The Province

Court shown videotape of accused’s fire confession

- KEITH FRASER kfraser@postmedia.com twitter.com/keithrfras­er

A jury on Tuesday was shown a videotape in which a man accused of murdering his mother calmly confesses several years earlier to setting her house on fire.

In the December 2008 taped police interview, Darwin Lescano is asked by police to describe to them the arson attack as though it’s a movie. “It’s not like a movie, it’s just like a job,” Lescano says.

Asked why he set fire to the home on Cambie Road in Richmond, he replies: “I don’t know, uh ... I have a thing against my mom ... I guess you have to, eh, if you’re gonna do something like that, right?”

Lescano, who has pleaded not guilty to the May 2015 second-degree murder of 66-year-old Redelma Belissario, tells the two officers that his mother had been bothering him about “little things” but adds that he was doing crystal meth at the time.

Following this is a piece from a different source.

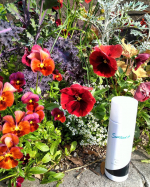 こんにちは☺.長女の授業参観に行ったら、緊急事態宣言下の為延期でした。幸か不幸か、教室にたどり着く前に教頭先生に取り押さえられました。悲惨です。飛散とかけたわけじゃありませ&hellip;のInstagram画像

He tells the RCMP officers that he had earlier warned his mother that he was going to set the home ablaze.

Lescano, now 41, says he had purchased gasoline from a gas station and on the day of the arson attack waited until his mom had left to go to work.

He says he made sure he was the only one left in the home because he didn’t want to “go down for murder. I didn’t want anyone hurt anyway, so ... not physically at least.”

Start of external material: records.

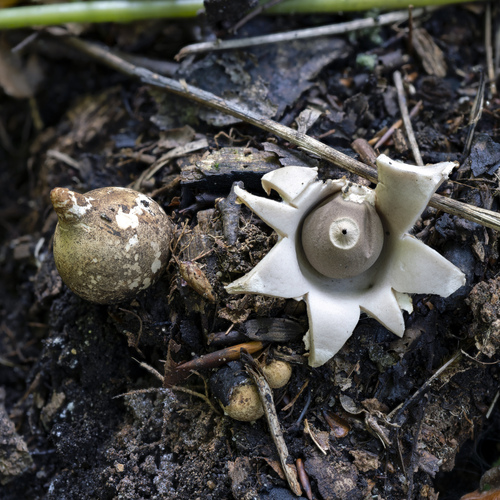 Hviezdovka (Geastrum)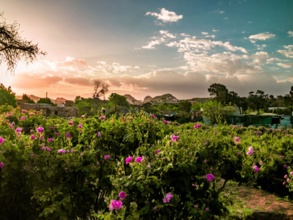 Discover the City of Roses Must-Visit Places in Taif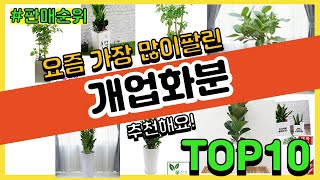 [광고]개업화분 추천 판매순위 Top10 || 가격 평점 후기 비교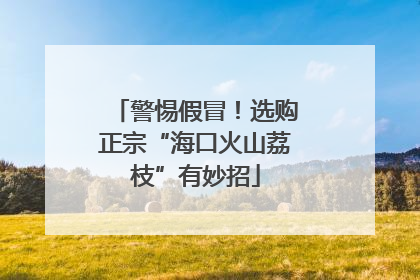 警惕假冒！选购正宗“海口火山荔枝”有妙招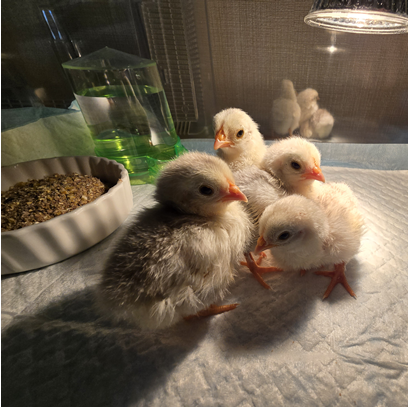 はじめてのひよこ飼育セットで育つヒナたち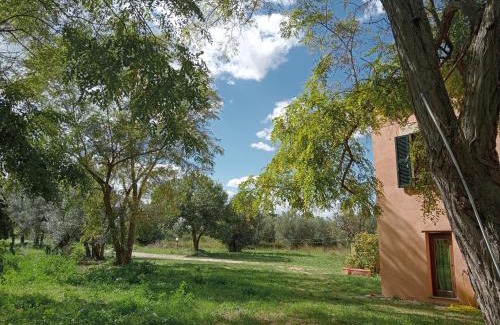 Vallevo Bed & Breakfast | Casale Costa dei Trabocchi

He describes how he went through the rooms and poured gasoline and then used a lighter to set a sock on fire before throwing the sock down on the gasoline.

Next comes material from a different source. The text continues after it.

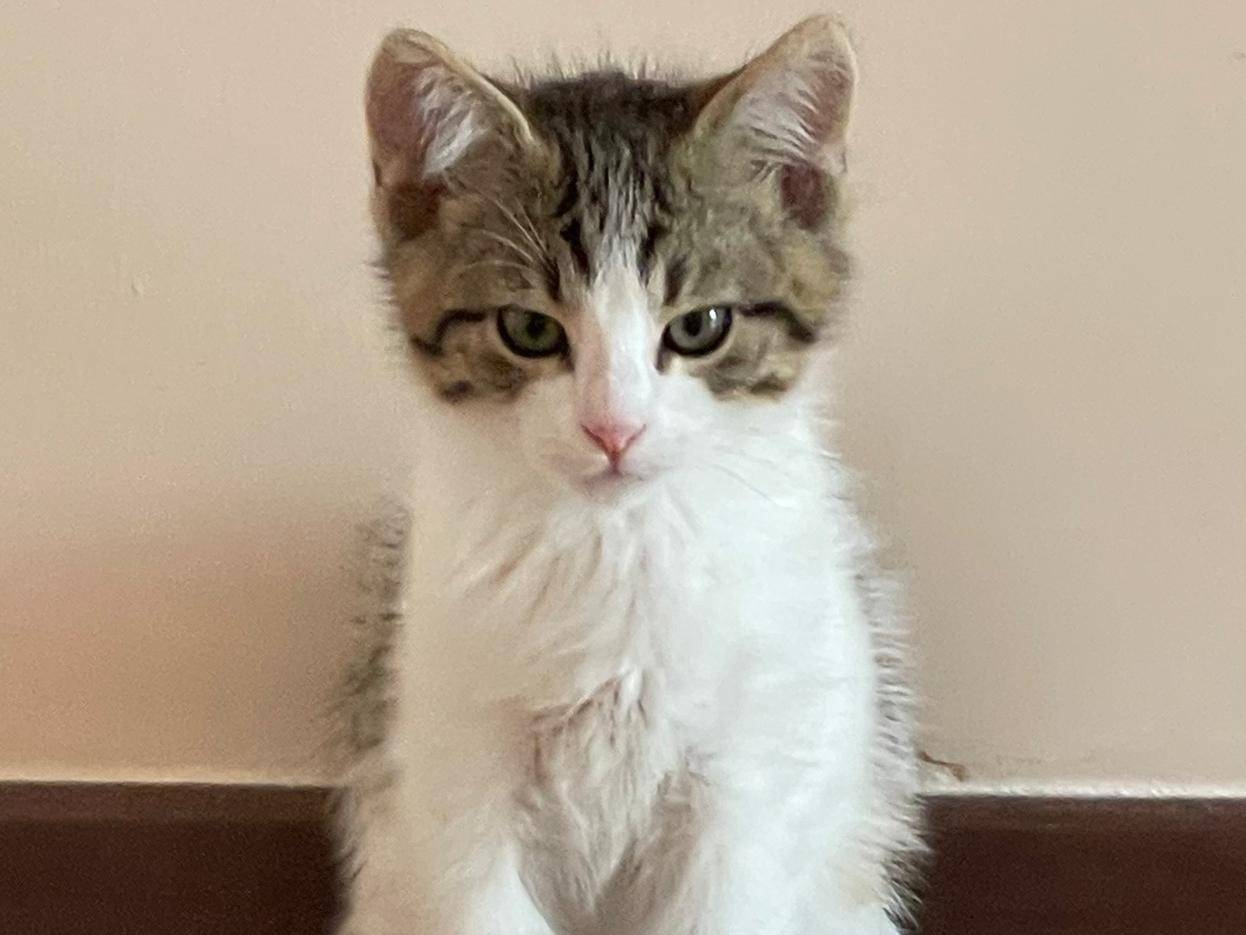 Foto dell'animale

“Everything just caught on fire and I just ran out. It was pretty crazy actually.”

He says that after he set the home ablaze, he went to his car to drive away and felt bad at first but that it didn’t matter.

Lescano says he called his mother to tell her what had happened because he wanted to get a reaction from her and then called 911 to report the arson attack.

Laughing and joking at times during the interview, Lescano at one point tells the officer that his confession is “gonna be good on camera.”

After one of the officers tells him that it took a “big man” to step up and take responsibi­lity for the attack, he replies: “If I didn’t do that, I would be like caught anyways, right?”

After the hour-long video was played for the B.C. Supreme Court jury, Crown counsel Kristin Bryson said that the prosecutio­n’s case was completed.

Court has heard that Lescano pleaded guilty to arson and was sentenced to jail time. After he was released from prison, his mom took him back to live with her again, this time at the victim’s home in the 11000-block Woodhead Road in Richmond.

The Crown’s theory is that in the last two months of her life, the mom had reported a lot of problems with her son and that the two had fought frequently, with Lescano stealing things from her and threatenin­g her.

Lescano is alleged to have used an axe to kill his mother, with the victim’s body being discovered in her home by her other son several days after another family member reported to police that the mom was missing. The accused was arrested in Vancouver on June 2, 2015, nearly three weeks after the slaying.

The jury has been asked to return to the Vancouver courtroom Wednesday afternoon.